→ Data section:
------------------------------

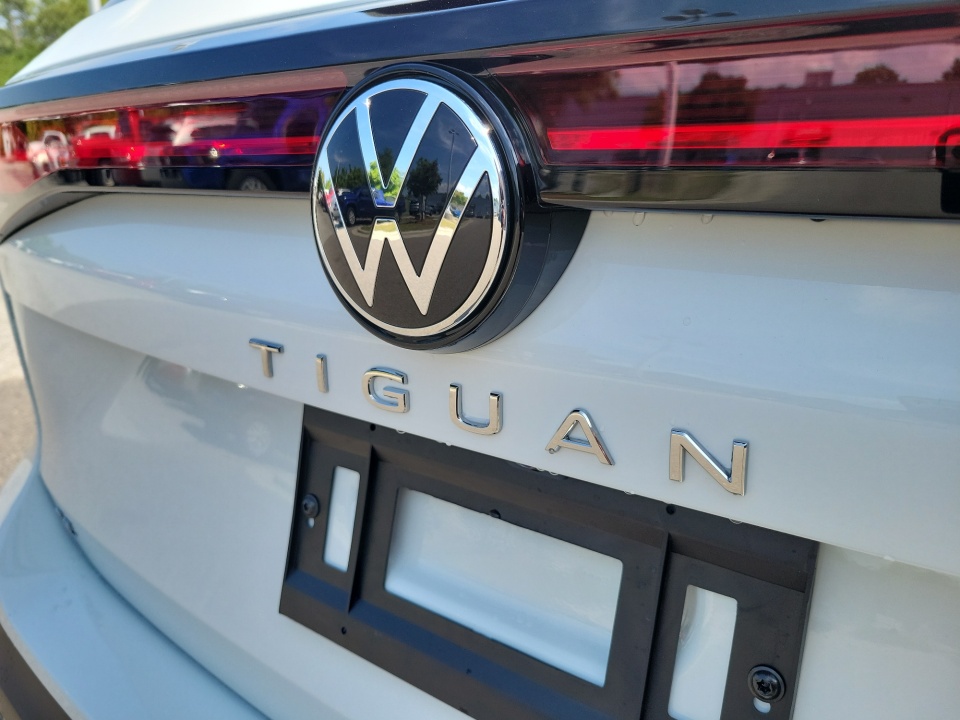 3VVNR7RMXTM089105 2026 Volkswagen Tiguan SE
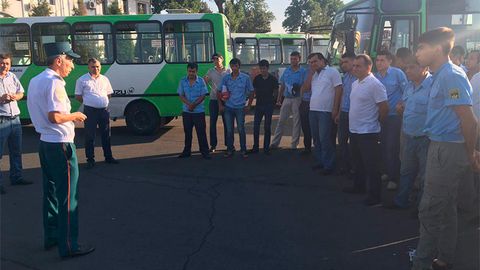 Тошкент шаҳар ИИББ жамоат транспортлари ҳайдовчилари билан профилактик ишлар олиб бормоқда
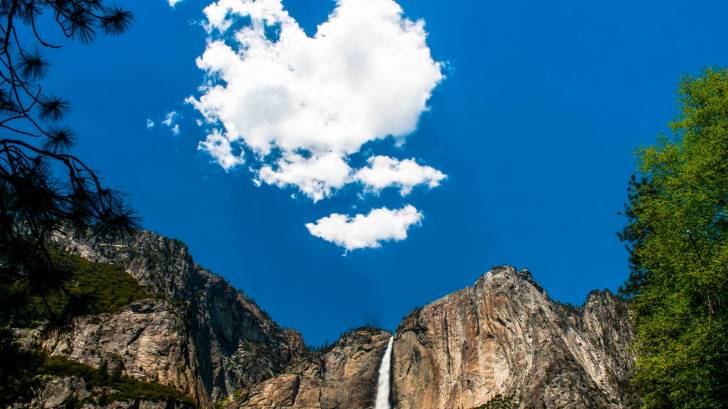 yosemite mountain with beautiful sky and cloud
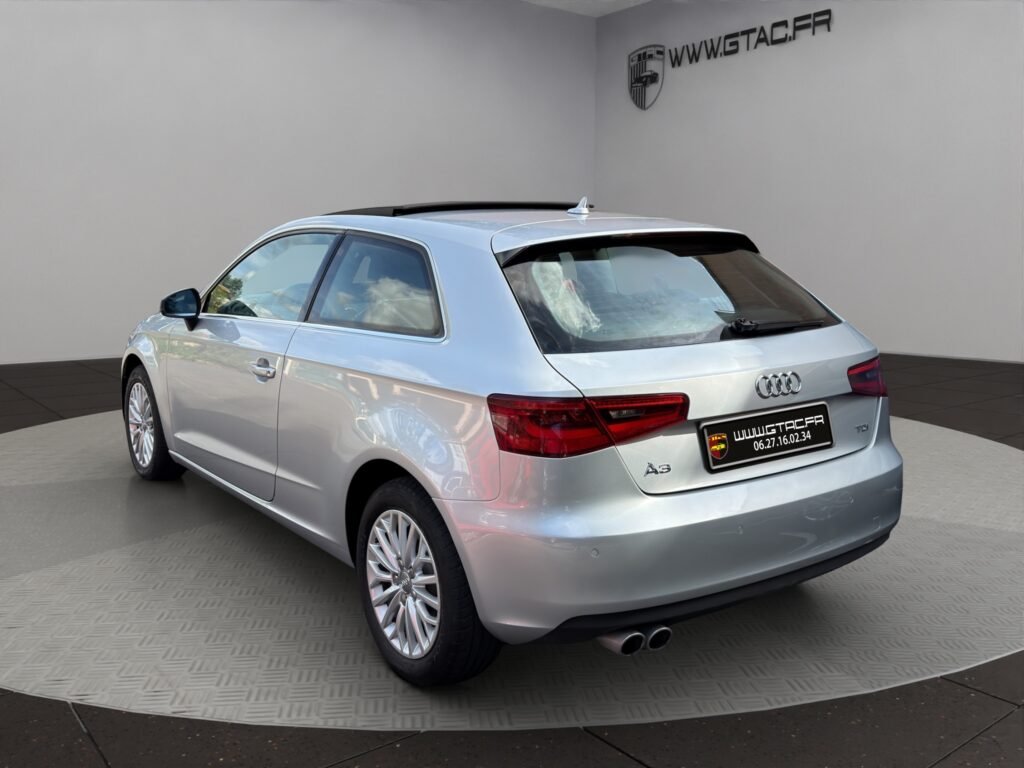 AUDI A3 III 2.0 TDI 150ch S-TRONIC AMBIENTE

------------------------------

→ Task directions: Transcribe the listing exactly; omit all images.

→ Finished task:
 3VVNR7RMXTM089105 2026 Volkswagen Tiguan SE
 Тошкент шаҳар ИИББ жамоат транспортлари ҳайдовчилари билан профилактик ишлар олиб бормоқда
 yosemite mountain with beautiful sky and cloud
 AUDI A3 III 2.0 TDI 150ch S-TRONIC AMBIENTE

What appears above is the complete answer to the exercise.